Une toute petite ligne rouge vient d’être franchie dans l’attitude européenne à l’égard du conflit territorial entre l’Arménie et l’Azerbaïdjan. À peine perceptible, mais à valeur symbolique forte.
L’Union européenne a officiellement approuvé, lundi, une aide militaire “non létale” de 10 millions d’euros (11 millions de dollars) à l’Arménie. Celà augure-t-il d’un revirement dans la question du Caucase du Sud ?
Une partie de la réponse est à chercher ailleurs, dans un autre conflit. La guerre en Ukraine semble avoir secoué les récalcitrants et contribué à basculer l’ensemble des pays de l’Union européenne, bon gré mal gré, vers une lutte ouverte avec la Russie. Cela impliquerait, entre autres, l’arrimage au bloc européen des derniers pays issus de l’éclatement de l’Union soviétique qui ont tenté de sauvegarder un semblant d’équilibre dans leurs relations avec l’Occident et la Fédération de Russie.
La dimension géostratégique aurait pris le dessus sur les dernières velléités pacifistes au sein de l’Union. “La sécurité est un élément de plus en plus important de nos relations bilatérales avec l’Arménie”, a déclaré le chef de la politique étrangère de l’UE, Josep Borrell.
“Erronée et dangereuse”
Le ministère azerbaïdjanais des Affaires étrangères a qualifié la décision de l’UE de “partiale et unilatérale”. Un porte-parole du ministère déplore en termes clairs “une mesure erronée et dangereuse qui ne fait qu’exacerber les tensions dans la région”.
La décision a été prise à l’unanimité des pays membres, lors d’une session de l’organe suprême de l’Union, le Conseil européen. Elle marque l’aboutissement de mois de forcing, au cours desquelles la Hongrie exigeait qu’un tel effort devrait être élargi vers l’Azerbaïdjan aussi pour préserver la paix âprement acquise.
L’énoncé de la décision précise que l’aide devrait servir au déploiement d’un hôpital de campagne et d’installations auxiliaires pour une unité de l’armée arménienne de la taille d’un bataillon.
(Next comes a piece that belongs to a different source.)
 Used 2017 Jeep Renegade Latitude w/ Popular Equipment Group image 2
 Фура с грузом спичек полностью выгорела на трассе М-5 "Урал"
Mais la déclaration de l’instance de décision de l’Union cache mal l’intention : "Elle vise également à renforcer la résilience de l’Arménie et à accélérer l’interopérabilité de ses forces armées en cas de participation future du pays à des missions et opérations militaires internationales, y compris celles déployées par l’UE”.
L’arrimage est amorcé
L’Arménie, par la voix de ses ministres des Affaires étrangères et de la Défense a remercié l’Union européenne pour sa “première aide militaire” à Erevan et célébré cette “étape très importante dans le partenariat entre l’Arménie et l’UE”.
Un fait marquant, aussi, c’est que la décision intervient dans la foulée de mesures allant dans le même sens. Les chefs de la diplomatie des pays de l’UE ont entériné, dans la même journée, une décision ultérieure, mandatant les instances dirigeantes d'entamer des discussions en vue de lever l’obligation de visa pour les Arméniens.
Si la déclaration, publiée lundi, fait toujours référence à l’accord signé en 2017 comme base au renforcement des rapports entre l’UE et l’Arménie, le gouvernement de Nikol Pashinian ne cache plus qu’il est engagé désormais dans une dynamique de ralliement du bloc européen.